Generative Prompt Internalization
Haebin Shin, Lei Ji, Yeyun Gong, Sungdong Kim, Eunbi Choi, Minjoon Seo
TL;DR
GenPI addresses the inefficiency of fixed, lengthy prompts in large language model applications by learning to internalize prompts through a joint training regime that also generates the prompt content and the rationale for behavior changes. It combines a standard distillation objective with a Prompt Generation loss and uses lightweight prompt-specific adapters trained on a small synthetic dataset produced via Self Role-Playing, enabling effective prompt internalization without additional prompt inputs at inference. Across three agent-oriented benchmarks, GenPI achieves near- upper-bound performance on short prompts and maintains strong performance (>82%) on longer, over-1000-token prompts, while delivering substantial efficiency gains (up to 39% MACs/FLOPs and 17% latency) compared with prompt-based baselines. The approach offers a practical pathway to reducing inference costs in real-world LLM deployments by internalizing per-prompt behavior, with potential extensions to retrieval-augmented and multimodal settings.
Abstract
Prompts used in recent large language model based applications are often fixed and lengthy, leading to significant computational overhead. To address this challenge, we propose Generative Prompt Internalization (GenPI), a lightweight method that employs a joint training approach.

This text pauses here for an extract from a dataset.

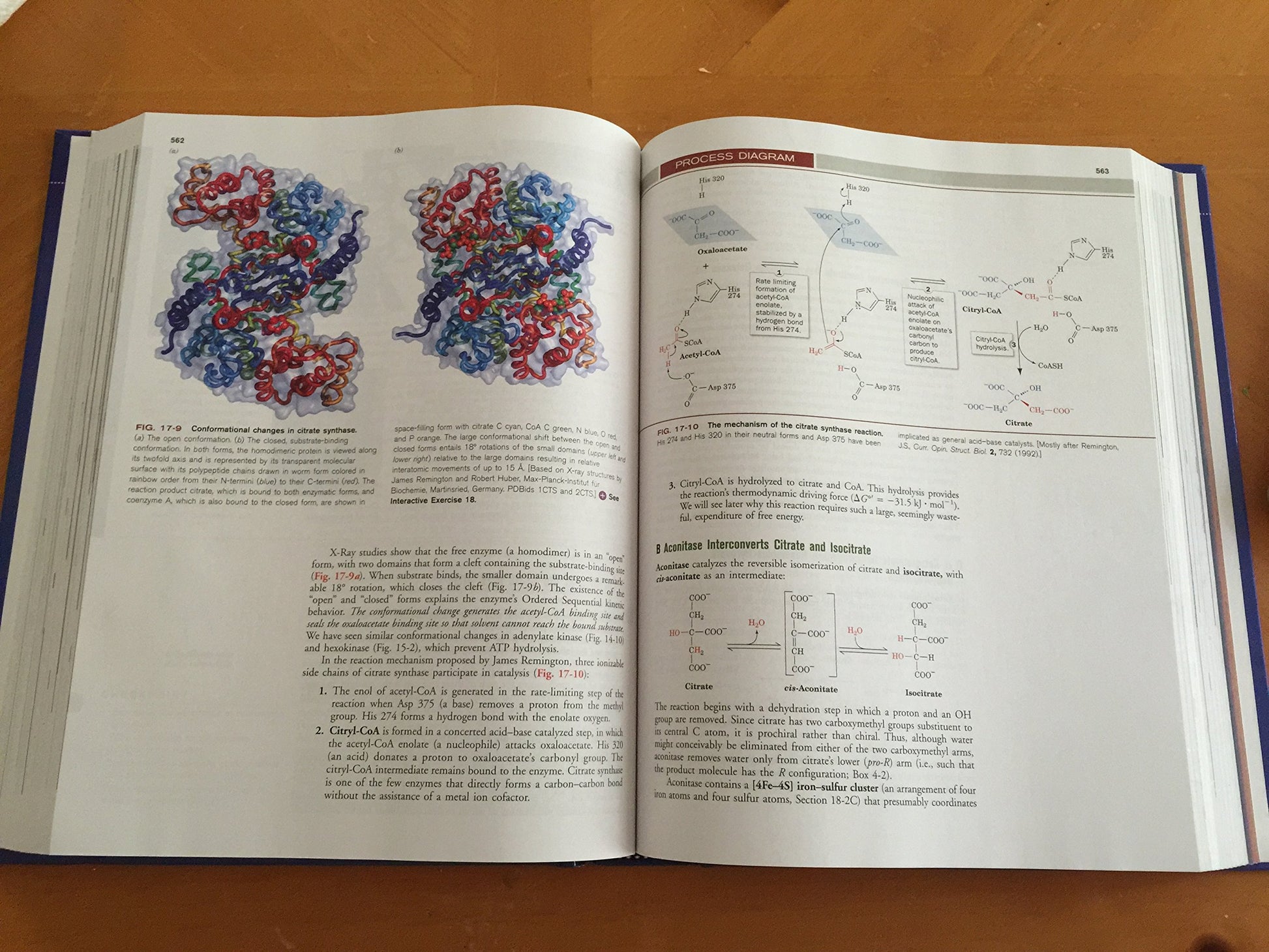 Fundamentals of Biochemistry: Life at the Molecular Level, 4th Edition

GenPI not only replicates the behavior of models with prompt inputs but also generates the content of the prompt along with reasons for why the model's behavior should change accordingly. We demonstrate that our approach effectively internalizes complex prompts across various agent-based application scenarios. For effective training without interactions with the dedicated environments, we introduce a data synthesis technique that autonomously collects conversational datasets by swapping the roles of the agent and environment. This method is especially useful in scenarios where only a predefined prompt is available without a corresponding training dataset. By internalizing complex prompts, Generative Prompt Internalization enables high performance and efficient inference without the need for explicit prompts.